The schematic of the chopper is shown in Figure 3a, consisting of four clock-controlled switches. The clk and ~clk signals are non-overlapping, enabling the alternation of the positive and negative ends of the differential signals, which is equivalent to a multiplication of ±1. The structure of switch is depicted in Figure 3b. In this diagram, M₁, M₃, M₄, and M₆ represent virtual switches with an aspect ratio of 1/2 compared to M₂ and M₅. This structure can reduce charge injection and the impact of clock feedthrough. M₂ and M₅ are complementary switch structures in order to get a stable and low on-resistance. The on-resistance expression for this switch structure is provided by Equation (4). When the ${\mu }_n{C}_{ox}{\left(\frac{W}{L}\right)}_2={\mu }_p{C}_{ox}{\left(\frac{W}{L}\right)}_5$, the impact of input level on the on-resistance can be minimized. Furthermore, as shown in the first term of the denominator in the Equation (4), increasing the aspect ratio of M₂ can reduce the on-resistance. As mentioned above, M₅ needs to be increased in accordance with the increase in M₂. However, an excessively large aspect ratio can result in increased charge injection and introduce parasitic capacitance. Therefore, in consideration of minimizing the clock feedthrough effect, the chopper switch (CH₁) at the input end uses a smaller-sized NOMS transistor (1 μm/0.18 μm), while the NOMS transistor for CH₂ and CH₃ are chosen with a larger size (2 μm/0.18 μm) to reduce the voltage drop caused by the on-resistance.
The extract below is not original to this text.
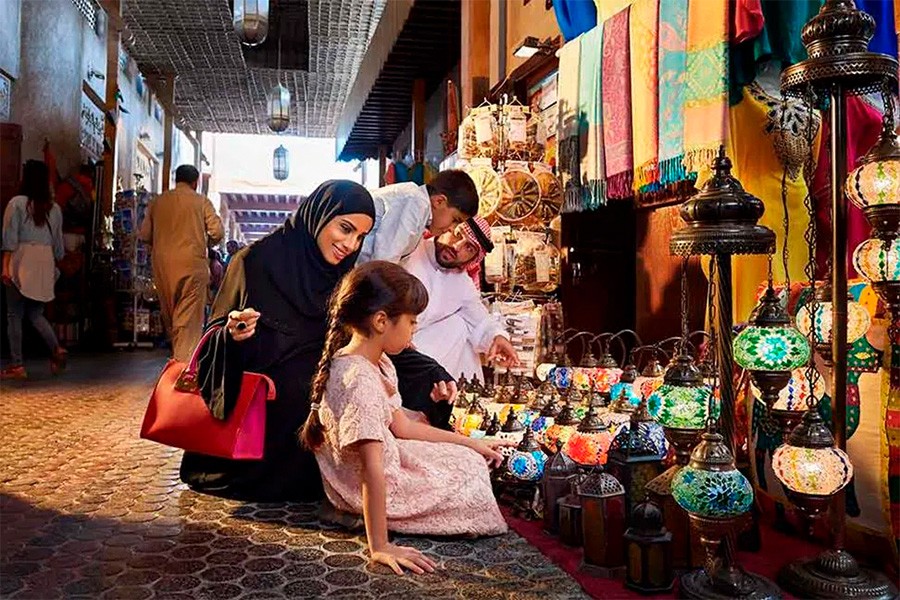 A woman and her dauhter admire various lamps in a lively market, free family activity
$$\begin{array}{cc}{R}_{on}=& R_{on,2}\parallel R_{on,5}\\ =& \frac{1}{{\mu }_n{C}_{ox}{\left(\frac{W}{L}\right)}_2\left(V_{DD}-V_{in}-V_{THN}\right)}\parallel \frac{1}{{\mu }_p{C}_{ox}{\left(\frac{W}{L}\right)}_5\left(V_{in}-\left|V_{THP}\right|\right)}\\ =& \frac{1}{{\mu }_n{C}_{ox}{\left(\frac{W}{L}\right)}_2\left(V_{DD}-V_{THN}\right)-\left[{\mu }_n{C}_{ox}{\left(\frac{W}{L}\right)}_2-{\mu }_p{C}_{ox}{\left(\frac{W}{L}\right)}_5\right]V_{in}-{\mu }_p{C}_{ox}{\left(\frac{W}{L}\right)}_5\left|V_{THP}\right|}\end{array}$$

(4)

In terms of the choice of chopper-operational amplifier, there are three commonly used operational-amplifier structures, including two-stage amplifier, cascode amplifier, and folded cascode amplifier. The two-stage amplifier has the largest output swing among these three structures, but it has low bandwidth, high power consumption, and low PSRR (Power-Supply Rejection Ratio). The cascode amplifier has a wide bandwidth, but its output swing is too small. Compared with above two structures, the folded cascode has a high bandwidth similar to the cascode amplifier. Furthermore, its output swing and power consumption fall between them. So, the folded cascode amplifier is suitable for our circuit. The structure of the chopper operational amplifier is shown in Figure 4,which is the folded cascode amplifier structure. The chopper-operational amplifier employs PMOS differential pairs as input transistors to reduce the impact of input noise on the operational amplifier. The pole formula $\omega$ = −1/RC suggests that when the output impedance is low, the pole’s value is relatively high. Placing a chopper switch at the low-impedance node can reduce the impact of parasitic capacitance of chopper on the amplifier bandwidth and not reduce the voltage swing amplitude. Therefore, modulator CH₂ is placed at the folding point N₁(N₂), which is a low-output impedance point. To further reduce current mismatch in the current mirror and minimize input offset, the modulator CH₃ is placed at the intermediate node of the low-voltage cascode current mirror. This additional chopper-operational amplifier is utilized for dynamically switching the two PMOS transistors within the current mirror, which is the dynamic element-matching technique [24].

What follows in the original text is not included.